Betting on the future
The club has done this by getting loans using future revenue streams as collateral. Specifically, Barcelona has leveraged future ticket sales, media rights deals, and assets such as its production company Barça Studios to secure financing.
For example, Barcelona sold 25% of its LaLiga TV rights for the next 25 years to Sixth Street for €267 million ($317 million). This provided immediate funds for transfers like Robert Lewandowski by essentially mortgaging future broadcast earnings. Additionally, the club sold 24.5% stakes in Barça Studios, which produces media content, to raise around €200 million ($207 million) in cash now.
Barcelona is betting these media assets will appreciate in value, allowing them to repay loans down the road. This creative financing strategy gives Barcelona an influx of money right now to spend big on transfers and salaries. But the loans must eventually be paid back over a period of many years by generating revenues from sources such as ticket sales, broadcast rights, and Barça Studios growth. Essentially Barcelona has exchanged long-term financial flexibility for short-term spending power.
Barcelona buying new players? How we got here
Barcelona got in this tough financial situation mostly because they have spent more money than they’ve brought in the last few years. COVID-19 also hurt their finances. The debt grew from €217 million in 2014 to over €1 billion by 2021. Revenue also dropped from over €840 million in 2019 to €631 million in 2021 as the pandemic hit.
To navigate Financial Fair Play regulations limiting spending to 70% of revenue, Barcelona has turned to novel financing arrangements. The club initially reduced its wage bill by renegotiating contracts of veterans like Gerard Pique and Jordi Alba. More crucially, Barcelona convinced new signings to accept lower wages than they earned at previous clubs. For example, Lewandowski reportedly earns under €10 million ($10.8 million) at Barcelona versus €20 million ($21.7 million) at Bayern Munich. Other new arrivals like Raphinha also took pay cuts.

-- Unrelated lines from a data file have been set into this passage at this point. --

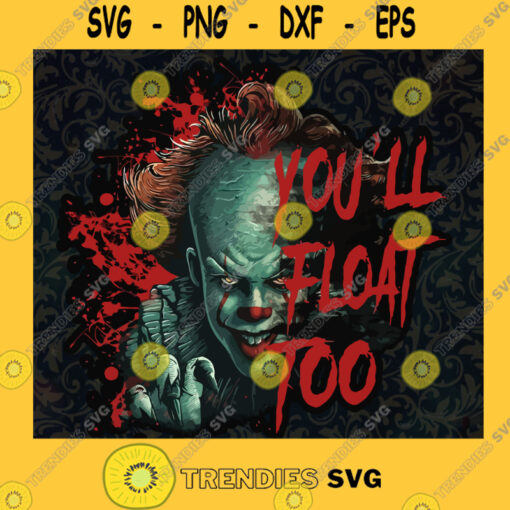 Pennywise SVG IT SVG Clown Svg Halloween Svg Cricut file Silhouette File Horror Svg Horror Movie Svg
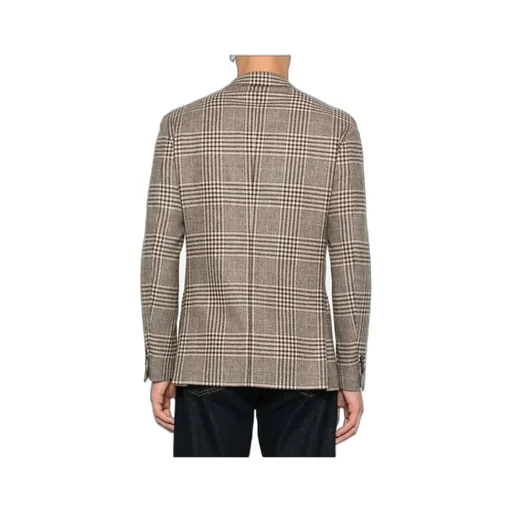 Lardini Prince Of Wales Pattern Jacket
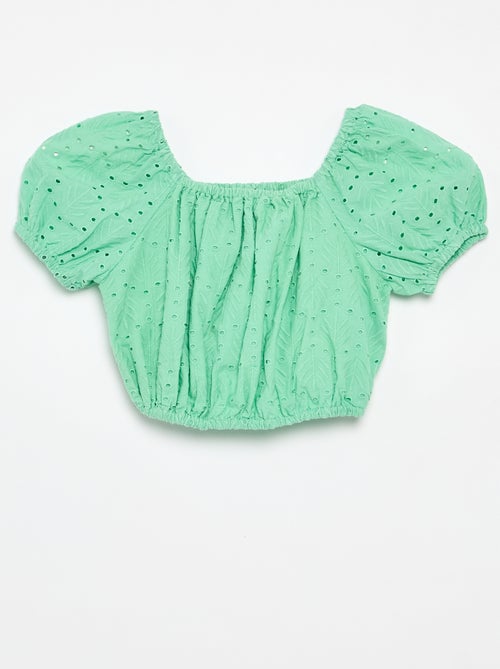 Conjunto bordado de 2 peças - calções + blusa - Kiabi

No room for errors in the short term
This high-risk financing strategy has given Barcelona payroll flexibility now, but greatly reduced its long-term spending power. The bets Barcelona placed on its media assets rising in value may not pay off down the road when debts come due. While creative financing has allowed player purchases despite financial fair play rules, years of austerity likely await. Debt repayments will restrict Barcelona’s budget just when these star signings exit their prime. The club essentially must achieve immediate on-field success and revenue growth to justify mortgaging its future. Past transfer missteps suggest Barcelona could be saddled with debts without sufficient income if signings flop or finances stagnate. With little room for error, Barcelona is gambling that short-term gains justify long-term pain. The coming years will reveal whether selling the future to improve today represents a masterstroke or a reckless mistake.
Bad business or future blueprint for other clubs?
While Barcelona’s financial maneuvers are clearly risky, they represent an innovative model for how other football clubs could leverage future assets to raise capital for present needs. If Barcelona’s gamble pays off and star signings catalyze increased revenues that allow debt repayment, this creative financing could be a blueprint for clubs seeking flexibility despite financial constraints. The potential success of mortgaging future earnings to fund current transfers may inspire other teams to follow suit. So Barcelona’s high-stakes approach could shape football finance for years to come by providing a template, if successful, for clubs to sign top talents by essentially borrowing against tomorrow.